Nouveau Monde Graphite

NI 43-101 Updated Technical Feasibility Study Report for the

Matawinie Mine and the Bécancour Battery Material Plant Integrated Graphite Projects

18.2

Bécancour Battery Material Plant Infrastructure

The Bécancour Battery Material Plant is located in the Bécancour Industrial Park. A 3D rendering of the property is presented in Figure 18-23. The property is bordered to the north by a rail line and the Trans-Canada pipeline. Road access to the property is from the west side via Avenue G.A. Boulet. The areas to the south and east of the proposed plant, will not be developed and will be reserved for future expansion and/or for use as construction lay-down areas.
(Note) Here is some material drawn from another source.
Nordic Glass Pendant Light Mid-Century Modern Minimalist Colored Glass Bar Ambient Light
Figure 18-23: Bécancour advanced Battery Material Plant 3D rendering

The site is strategically located and offers access to all necessary infrastructure and services including:

■

Access to a 120-kV electrical transmission line running along the northern border of the property;

■

Access to a 25-kV electrical line for construction purposes running along the northern border of the property;

■

Access to a natural gas pipeline along the eastern property border;

■

Direct potable and industrial water access along multiple sides of the property;

■

Proximity to rail, port, and road access for importing raw materials and exporting final products throughout North America and Europe.
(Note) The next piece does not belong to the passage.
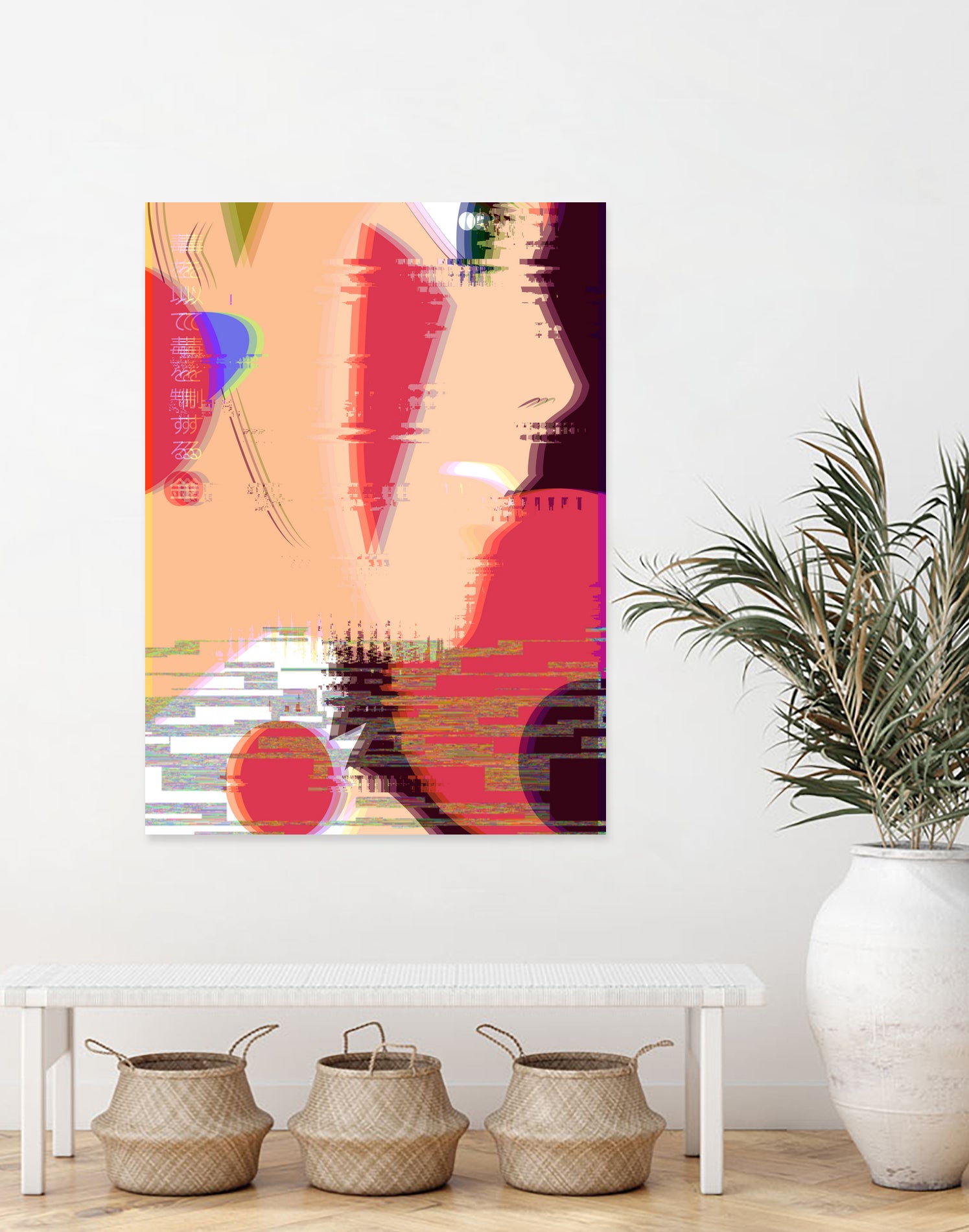 Miyazaki Glitch - Princess Mononoke by Hyo Kim on GIANT ART - red digital painting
The positioning of the process, services and maintenance buildings as well as the electrical substation and retention pond on the Bécancour site is illustrated in Figure 18-24.

MARCH 2025	18-47

Nouveau Monde Graphite

NI 43-101 Updated Technical Feasibility Study Report for the

Matawinie Mine and the Bécancour Battery Material Plant Integrated Graphite Projects

Figure 18-24: Proposed site plan for the advanced Battery Material Plant in Bécancour

The electrical substation is located on the northwestern corner of the lot directly in line with the positioning of the 120 kV line servicing the industrial park. The 3,900 m³ water retention pond sits to the south of the parking with the proposed release point located along Avenue G.A. Boulet bordering the west side of the property.
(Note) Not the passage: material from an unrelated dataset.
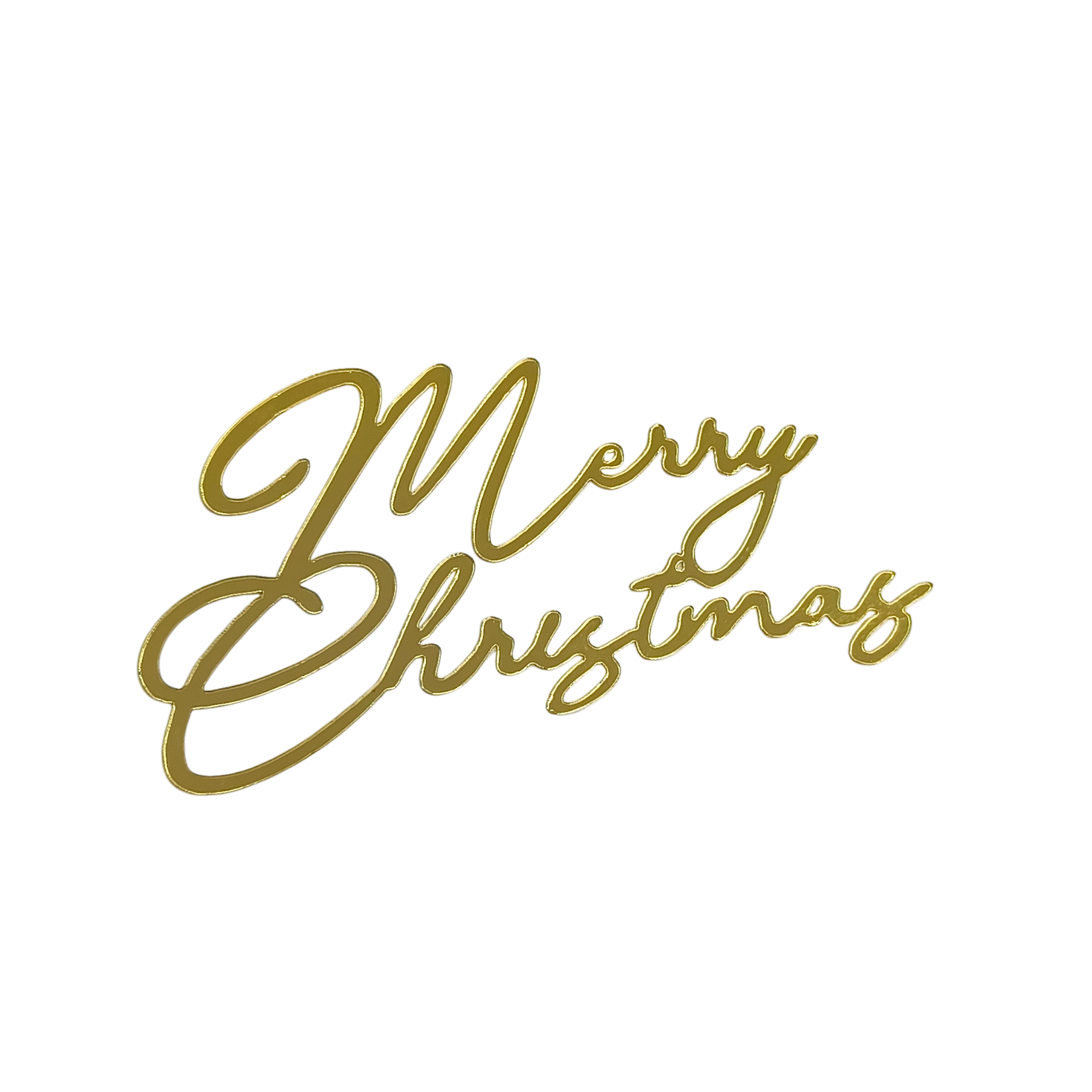 Topper Merry Christmas χρυσός καθρέφτης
The main process buildings for M/S, purification, coating, finishing, packaging, and storage were placed to minimize material handling distances between processing stages. The process WTP is located adjacent to the purification building.

18.2.1

Electrical Distribution

18.2.1.1

Power Supply

The power plant will be supplied by Hydro-Québec’s 120 kV transmission line 1392, located approximatively 30 m from the substation main gantry (north of the substation). Voltage will be stepped-down to 25 kV inside the main electrical substation using two 120-25 kV liquid-filled power transformers with power ratings allowing for N-1 transformer redundancy. Therefore, during the normal operation, both transformers will share the load, and if maintenance or repair work is required on one of the transformers, the other will supply the entire plant load, thus increasing the reliability of the power supply.

MARCH 2025	18-48

Nouveau Monde Graphite

NI 43-101 Updated Technical Feasibility Study Report for the

Matawinie Mine and the Bécancour Battery Material Plant Integrated Graphite Projects

The secondary side of these power transformers will feed a 25-kV air insulated switchgear (“AIS”), in a main-tie-main configuration, also installed in the main substation, but within a prefabricated electrical room. Therefore, from the 25 kV AIS feeders, power will be distributed to all areas of the plant, using medium voltage cables, installed either directly underground, in buried conduits, in duct bank or, preferably, in cable trays along the pipe rack, wherever possible.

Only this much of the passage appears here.